Il est 15 heures. Toujours pas nos papiers. Je vais voir la garde-chiourme qui refuse de me répondre, elle ne lève même pas la tête.
Je demande à Mirza où est le bureau du « Boss ». Il m'amène au premier étage du bâtiment et me montre un bureau. Changement de décor : moquette, tableaux et photos au mur, nous sommes à l'étage du pouvoir.
Le Boss s'appelle Sergueï Allessandrovitch (son nom est écrit en lettres dorées sur la porte). Je frappe et j'entre. Bureau de 50 m2, deux personnes étonnées de me voir : le boss, assis, chemise blanche avec quelques décorations et un jeune assistant, debout, des papiers à la main. Je prends ma respiration « Good evening Serguei Allessandrovitch, do you speak english ? ». Il me fait signe que oui (mais en fait surtout son assistant) et de continuer. Je n'avais rien préparé, mais tout est venu d'un coup : nos interminables heures d'attente, nos questions sans réponse, le fait que l'on nous traite comme des chiens, l'incompréhension devant ce que l'on nous demande et surtout le fait que dans une heure, nous devons prendre nos billets de bateau, et qu'il est hors de question d'attendre 6 jours pour le prochain.
Deux secondes de silence.
Il sourit légèrement et passe deux coups de téléphone. Son assistant me demande de le suivre. Et là, nous tombons dans la quatrième dimension : nos papiers sont faits en 15 minutes, la garde-chiourme nous regarde, esquisse un sourire, nous propose même du café...
Il est 15h45. Un homme surgit : la quarantaine, parlant parfaitement anglais. Il me dit « suivez-moi, je m'occupe de vous, où sont les motos ? ». Nous montons dans sa voiture, direction le parking du port, où nous attendent depuis ce matin Alain et Michel (qui sont en train de se faire interviewer par la télé locale).
Nous fonçons au terminal d'embarquement, sortons nos bagages et les motos sont prises en charge pour être garées dans le bateau.
Entre temps, l'homme nous amène prendre nos billets. Le bureau est fermé. Il sonne, montre un papier et nous pouvons entrer. La pintade blonde de ce matin nous dit que nous ne pouvons payer par carte bancaire mais uniquement en cash et en dollars...

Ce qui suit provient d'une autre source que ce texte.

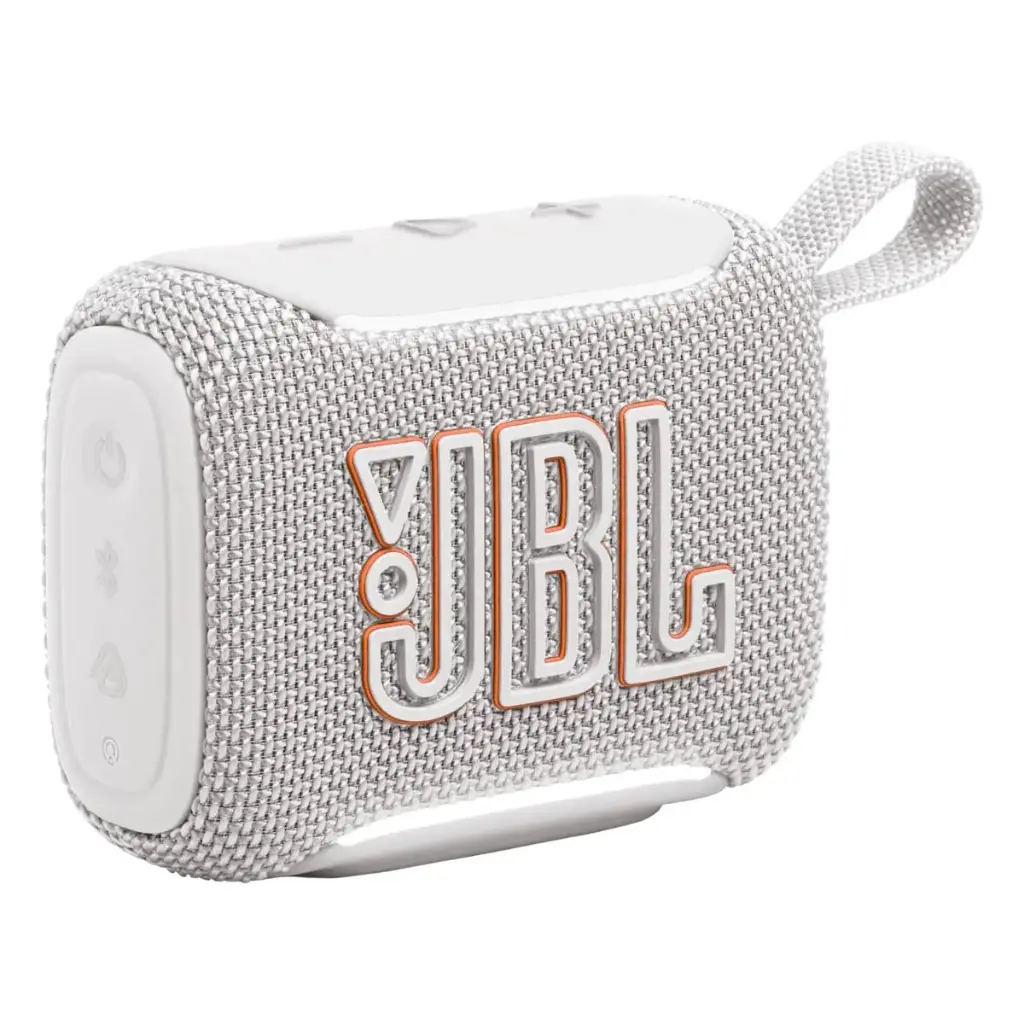 Coluna Bluetooth Sem Fios JBL Go 5 Branca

Avec l'homme, nous courrons à la banque de l'autre côté du port. Il nous faut 2 000 dollars et le distributeur ne donne que des roubles (et pas plus de 5 000 à la fois). Calcul express. Il nous faut 40 000 roubles. La carte bleue internationale chauffe (8 retraits différents). Puis il entre dans la banque, montre son papier et la guichetière lui donne l'équivalent en dollars.

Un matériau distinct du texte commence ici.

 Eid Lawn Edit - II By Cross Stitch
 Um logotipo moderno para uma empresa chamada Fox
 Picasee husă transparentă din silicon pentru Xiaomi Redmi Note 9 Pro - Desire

16h30 : retour à la compagnie maritime, nous avons enfin nos billets !
L'homme nous dit brièvement au revoir et s'en va...
Après réflexion (et peut-être sous influence de tous les polars que j'ai pu lire, quoique...), je me dis que cet homme doit faire partie de l'ex KGB. Toutes les portes se sont ouvertes devant lui, sans un mot, juste en montrant ce fameux papier. Je ne saurai jamais. Allo inspecteur Vallander ? (je sais que certains suivent, Luce, Maz, vous êtes là ?).

Ouf... journée nerveusement épuisante mais nous pouvons partir.
    
A l'embarquement, nous retrouvons Frédériks, le suédois.
vlad-075.jpg
Il s'en est sorti à peu près comme nous. Il nous raconte que le mois dernier, un anglais a mis plus de 2 semaines pour pouvoir partir...
Frédériks est photographe professionnel et travaille en free-lance et pour des journaux. En vacances pour trois mois avec son père (qui ne parle plus car il a eu un AVC), il a fait la même route que nous en voiture depuis la Suède, part pour le Japon, puis pour les USA.

A 22 heures (pas mal de retard...), le bateau quitte enfin Vladivostok et la Russie.
vlad-079.jpg
Dans quarante heures environ, le pays du soleil levant.